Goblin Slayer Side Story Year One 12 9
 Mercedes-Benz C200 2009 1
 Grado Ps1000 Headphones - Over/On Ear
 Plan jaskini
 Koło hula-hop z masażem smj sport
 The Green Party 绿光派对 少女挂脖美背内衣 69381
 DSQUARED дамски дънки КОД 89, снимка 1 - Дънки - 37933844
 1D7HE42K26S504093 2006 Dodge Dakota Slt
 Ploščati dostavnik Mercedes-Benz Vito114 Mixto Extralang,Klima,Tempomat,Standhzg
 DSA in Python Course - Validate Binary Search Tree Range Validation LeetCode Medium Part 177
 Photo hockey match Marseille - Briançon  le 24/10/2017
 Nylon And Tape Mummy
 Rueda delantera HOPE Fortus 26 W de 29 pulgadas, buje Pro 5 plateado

■ ■ ■ ■ ■

• **EXERCISE**:
Please return the lines above exactly, from the first one down to the line with "Ploščati dostavnik Mercedes-Benz", and stop after that line.

• **WRITTEN ANSWER**:
Goblin Slayer Side Story Year One 12 9
 Mercedes-Benz C200 2009 1
 Grado Ps1000 Headphones - Over/On Ear
 Plan jaskini
 Koło hula-hop z masażem smj sport
 The Green Party 绿光派对 少女挂脖美背内衣 69381
 DSQUARED дамски дънки КОД 89, снимка 1 - Дънки - 37933844
 1D7HE42K26S504093 2006 Dodge Dakota Slt
 Ploščati dostavnik Mercedes-Benz Vito114 Mixto Extralang,Klima,Tempomat,Standhzg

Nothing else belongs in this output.